Behind the masks, both literal and metaphorical, behind the tiredness and the sadness, there's still a woman whose favorite activities are reading a good book, or taking a long, hot bath, or telling stories into a night with a friend as sleepless as she is. But those parts of her are buried so far inside of her that even she's not sure if she can ever coax them out again. As it is, only Baldur, her beloved wyvern and only companion, is the only one who sees parts of the girl she used to be in the woman she is now.
History:
Orphanage
Jokasta must have had a family, at some point. Children don't come from nothing, she knows that well enough; what she knows better still is that children often end up as nothing all the same. Whoever her parents might have been, it was clear to Jokasta that they hadn't cared to keep her—or cared enough about her to stay alive for her sake—and her first memories were of the gutters of Cyrkensia's bustling and lively streets, orphaned and alone.
Despite the harshness of her circumstances, Jokasta never developed the quick fingers and quicker instincts necessary for a child her age to survive on her own. When she looked to steal a piece of bread or a shining trinket, she was always easily caught and chased off, and she managed as long as she did solely through the kindness of strangers. On cold or rainy knights, she would sleep beneath the eaves of the Opera House, and let the music lull her to sleep. By the time she was eight she was lean, dirty, and desperate for anything else in life.
After too many years sleeping conspicuously either near or directly beneath the Opera House exterior, a concerned citizen must have contacted a local shelter for children — Jokasta never learned the specifics, but in either case, she was a little past eight when a woman with a kind face came to her one afternoon. Her smile was warm, but it was nothing compared to the hot meal she offered Jokasta if she agreed to come with her. Jokasta didn't hesitate for even a moment.
The shelter was a friendly place run by good people, and for the first time in her life, Jokasta felt fortunate. Despite the rumors of stirring war to the north, Cyrkensia remained blissfully neutral, free to spend its money and time on songstresses and luxury instead of armies and weaponry. Thanks to the patronage of both Nohrian and Hoshidan nobility, the city's public services were generally well-funded, and the Charity Orphanage for Girls that Jokasta now called home was clean and warm and uncrowded. Here was a place she could make friends instead of rivals and enemies, a place where adult hands were extended in comfort instead of anger.
Under the care of the orphanage, Jokasta bloomed. Her hair, so matted and tangled it had to be shorn off when she first arrived, grew out soft and clean; her scrawny, bony body plumped to a healthy weight, her sicknesses were attended to, her belly was full. Most of all, she loved the other girls, who were her friends and her sisters and her family. As one of the older charges of the shelter, at the strapping age of ten, Jokasta took it upon herself to personally care for all of the younger and newer girls, showing them love she had never known at their age.
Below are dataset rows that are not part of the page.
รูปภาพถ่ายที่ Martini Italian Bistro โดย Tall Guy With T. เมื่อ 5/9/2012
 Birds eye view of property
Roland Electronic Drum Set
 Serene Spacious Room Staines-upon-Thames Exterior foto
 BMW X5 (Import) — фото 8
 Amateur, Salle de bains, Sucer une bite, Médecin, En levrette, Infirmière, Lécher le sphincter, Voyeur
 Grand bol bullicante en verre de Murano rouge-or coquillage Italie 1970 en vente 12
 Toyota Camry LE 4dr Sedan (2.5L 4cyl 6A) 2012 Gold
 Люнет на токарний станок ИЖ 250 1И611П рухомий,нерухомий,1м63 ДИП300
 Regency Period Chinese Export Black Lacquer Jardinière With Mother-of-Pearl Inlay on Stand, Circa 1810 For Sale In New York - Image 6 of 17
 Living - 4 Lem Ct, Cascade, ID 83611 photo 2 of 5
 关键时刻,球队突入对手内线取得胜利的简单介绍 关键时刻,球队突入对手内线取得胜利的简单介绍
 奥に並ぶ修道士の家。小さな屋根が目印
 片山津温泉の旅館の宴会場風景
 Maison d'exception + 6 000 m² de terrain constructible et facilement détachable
But as much as she loved the others, not a one of them compared to Ianthe. She was a small, slender girl, a year or two younger than Jokasta. She had been at the shelter before Jokasta had even come to it, and it was she who truly made the house a home. When Jokasta first told her that she used to sleep on the docks near the Opera House, Ianthe brightened with a shining inner light, an innocent enthusiasm Jokasta had never seen before. She would ask all about the singers and dancers who went into the House’s grand halls, and were they very beautiful, and did Jokasta remember any of their songs? For Ianthe, Jokasta stretched her memory beyond the misery of her existence to try and pick out those brief glimpses of beauty to share. They would fall asleep facing each other in the same bed, making stories out of their hard lives.
When Jokasta was twelve, the caretaker of the Charity gathered all the girls, and gave them some very exciting news. It was not uncommon for a girl to be adopted here or there, usually by some visiting Hoshidan or Nohrian noble family. Over the years, Jokasta understood the reality that a friend might be here today and gone the next week, only to be replaced by a new face fresh off the streets a month later. It was more of a happy occasion than sad, knowing (or hoping) that the girls were going to families all their own.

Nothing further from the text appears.